TASK PROMPT
Given the records underneath, please repeat exactly the lines from the line with "[2] 더블텝스 WTAPS 블랙 워크 셔츠 긴팔 남방 D522 상품이미지8" through the line with "降本增效!8.8L的百公里油耗,让竹良明的事业迈进发展新历程", passing over any picture.

THE RECORDS
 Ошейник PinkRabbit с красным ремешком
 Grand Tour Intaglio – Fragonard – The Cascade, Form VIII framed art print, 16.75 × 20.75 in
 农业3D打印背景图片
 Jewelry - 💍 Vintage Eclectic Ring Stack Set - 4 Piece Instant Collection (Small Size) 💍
==
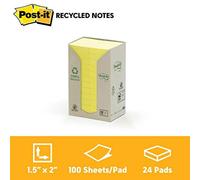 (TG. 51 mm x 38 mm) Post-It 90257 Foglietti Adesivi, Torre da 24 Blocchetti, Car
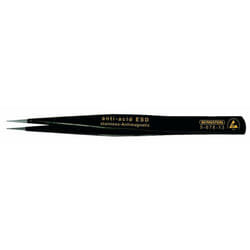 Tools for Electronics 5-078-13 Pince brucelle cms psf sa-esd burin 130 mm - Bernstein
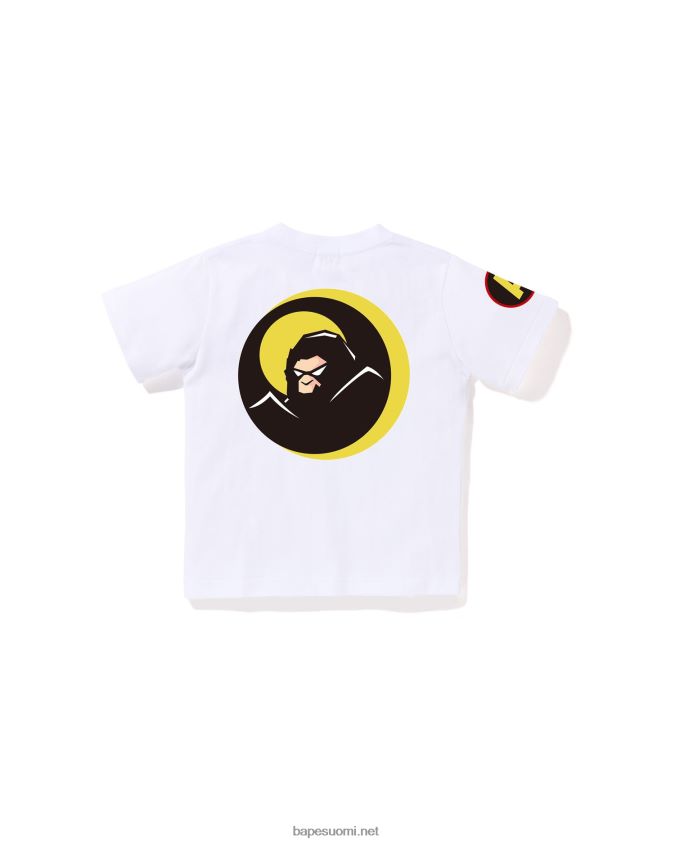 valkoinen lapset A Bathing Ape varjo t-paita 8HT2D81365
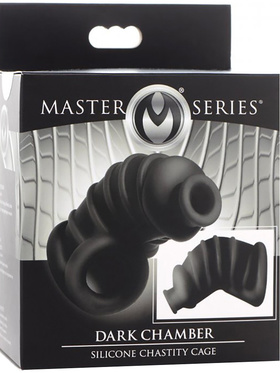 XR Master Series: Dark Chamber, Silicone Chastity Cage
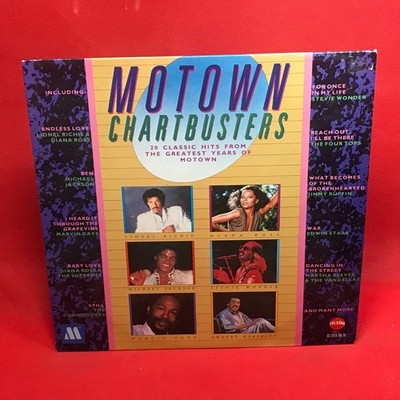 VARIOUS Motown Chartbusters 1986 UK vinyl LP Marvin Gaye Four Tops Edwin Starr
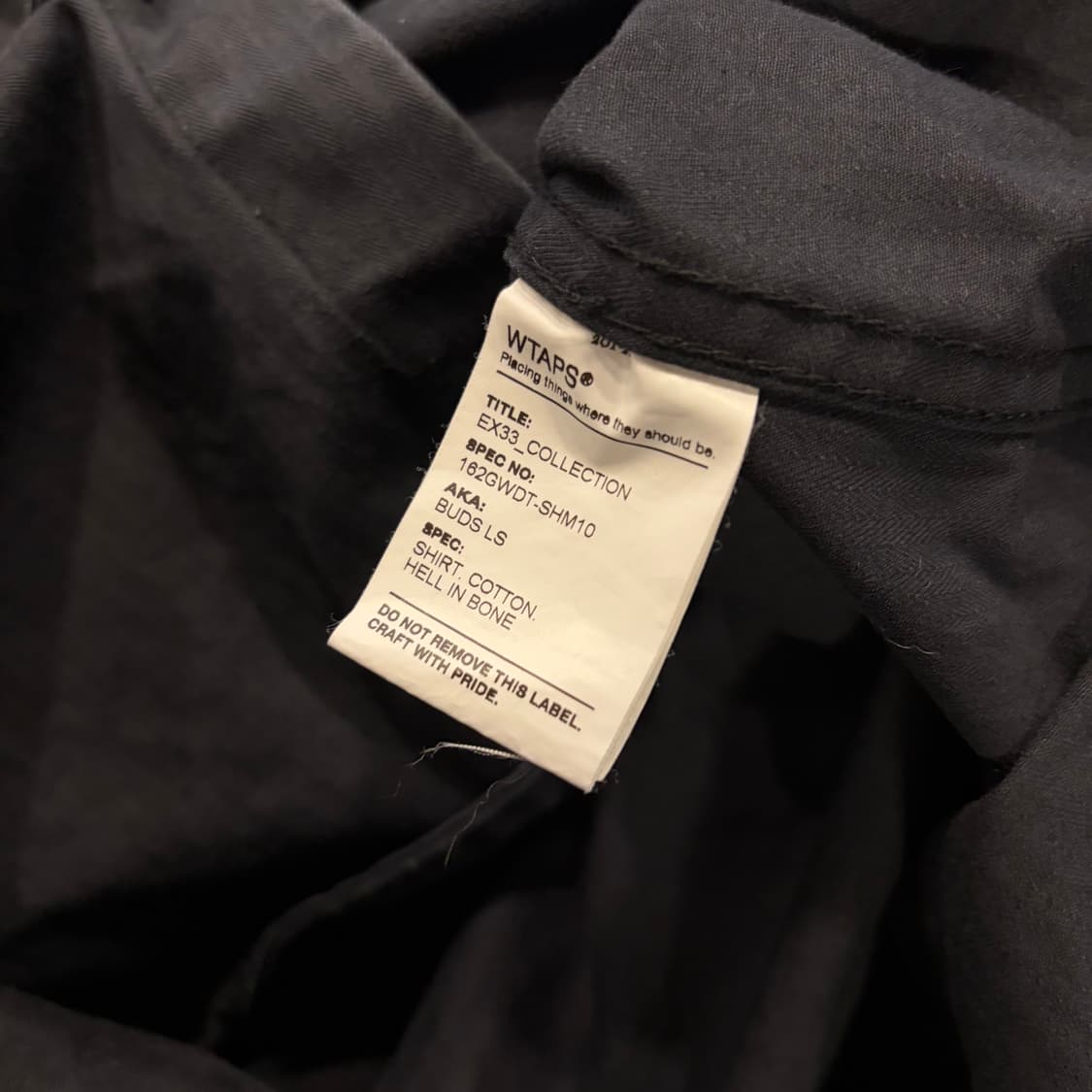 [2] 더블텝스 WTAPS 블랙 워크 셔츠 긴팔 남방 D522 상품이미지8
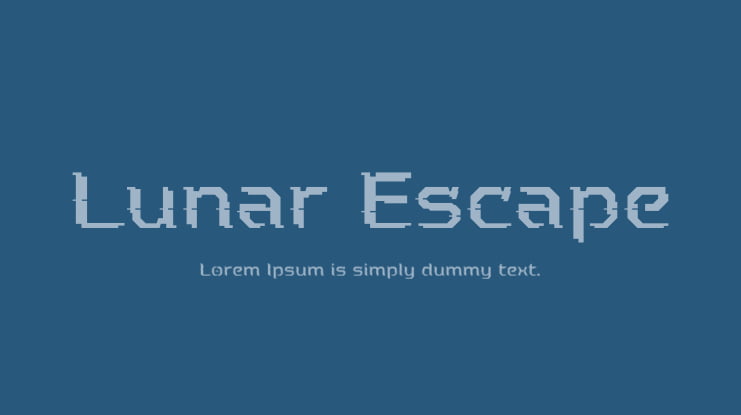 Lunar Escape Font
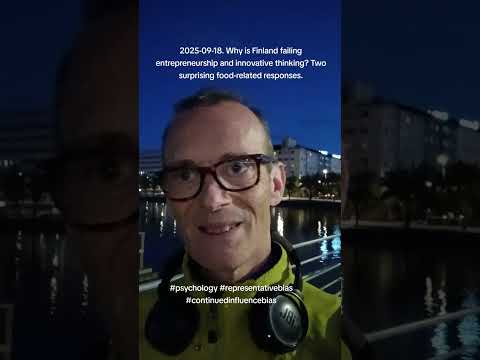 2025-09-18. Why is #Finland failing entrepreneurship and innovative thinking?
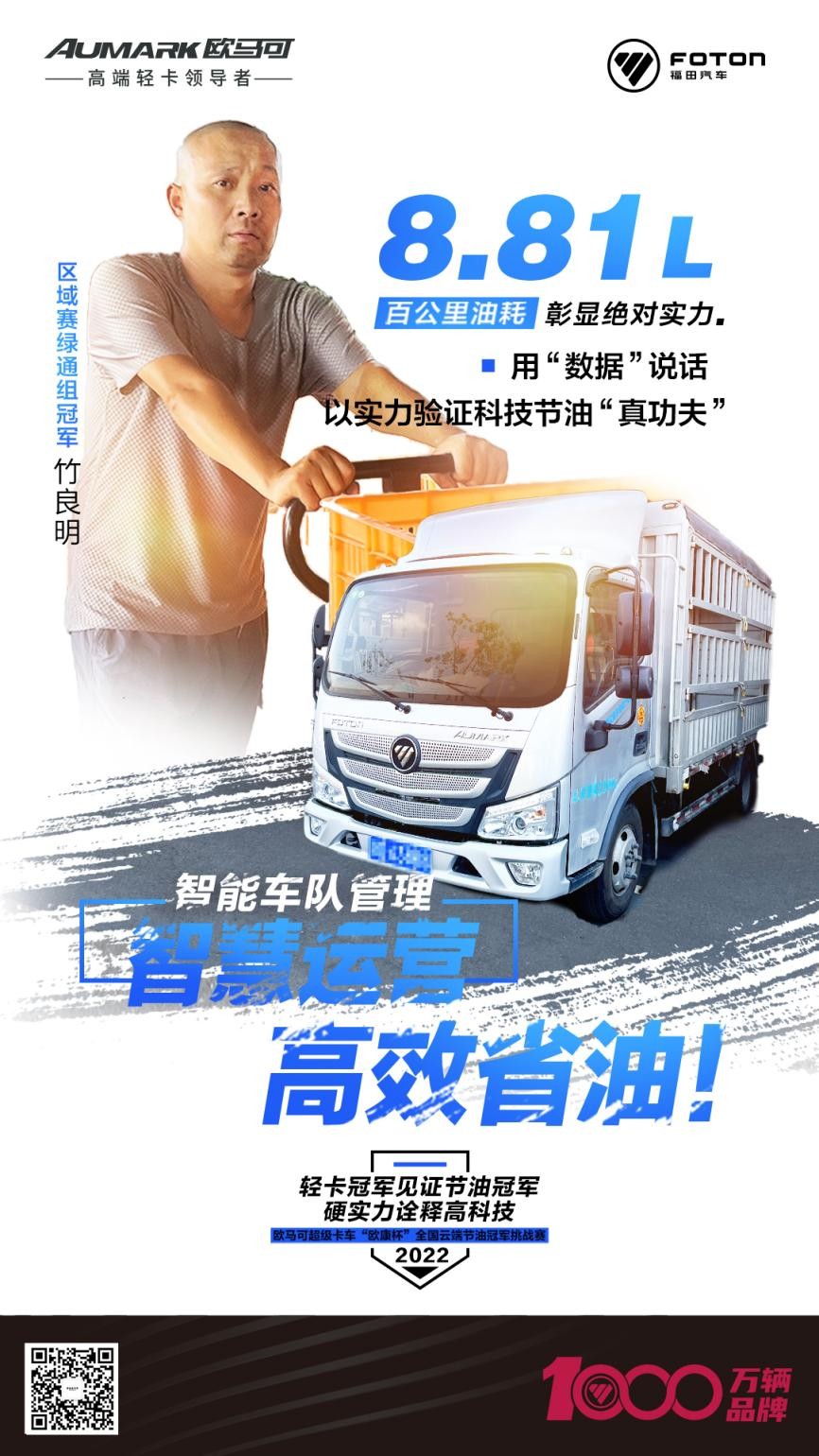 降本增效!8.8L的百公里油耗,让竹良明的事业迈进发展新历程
--
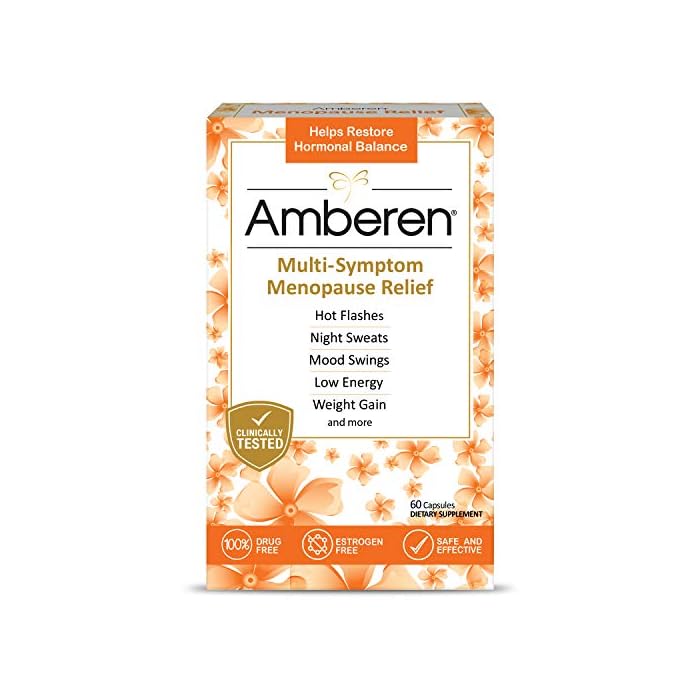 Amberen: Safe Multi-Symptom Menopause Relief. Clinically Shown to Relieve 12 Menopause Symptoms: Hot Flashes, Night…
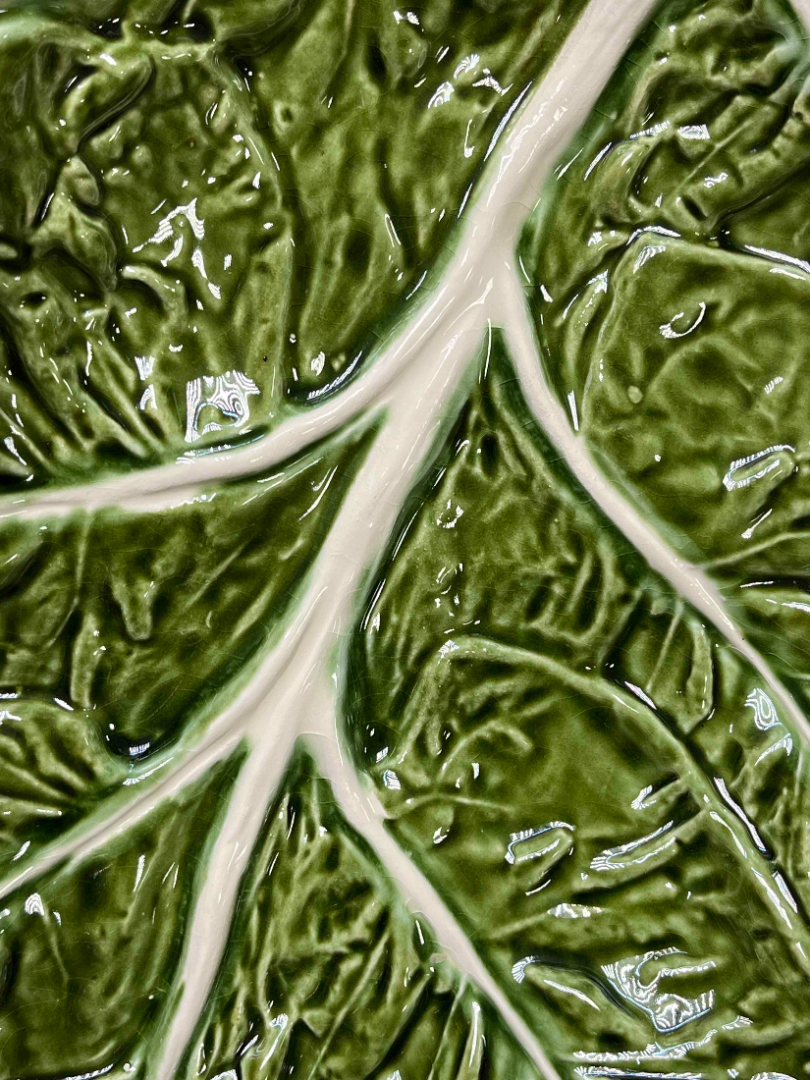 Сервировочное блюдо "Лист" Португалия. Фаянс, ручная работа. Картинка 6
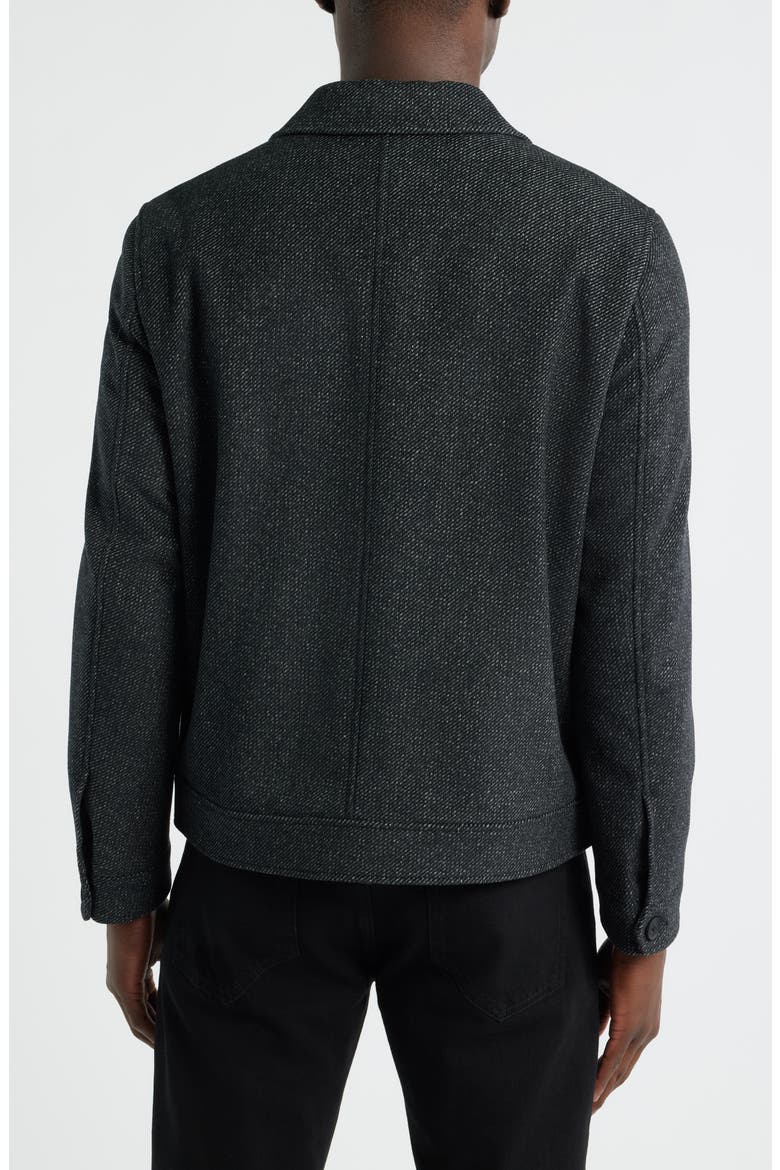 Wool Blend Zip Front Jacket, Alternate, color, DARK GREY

RESULT BELOW
 [2] 더블텝스 WTAPS 블랙 워크 셔츠 긴팔 남방 D522 상품이미지8
 Lunar Escape Font
 2025-09-18. Why is #Finland failing entrepreneurship and innovative thinking?
 降本增效!8.8L的百公里油耗,让竹良明的事业迈进发展新历程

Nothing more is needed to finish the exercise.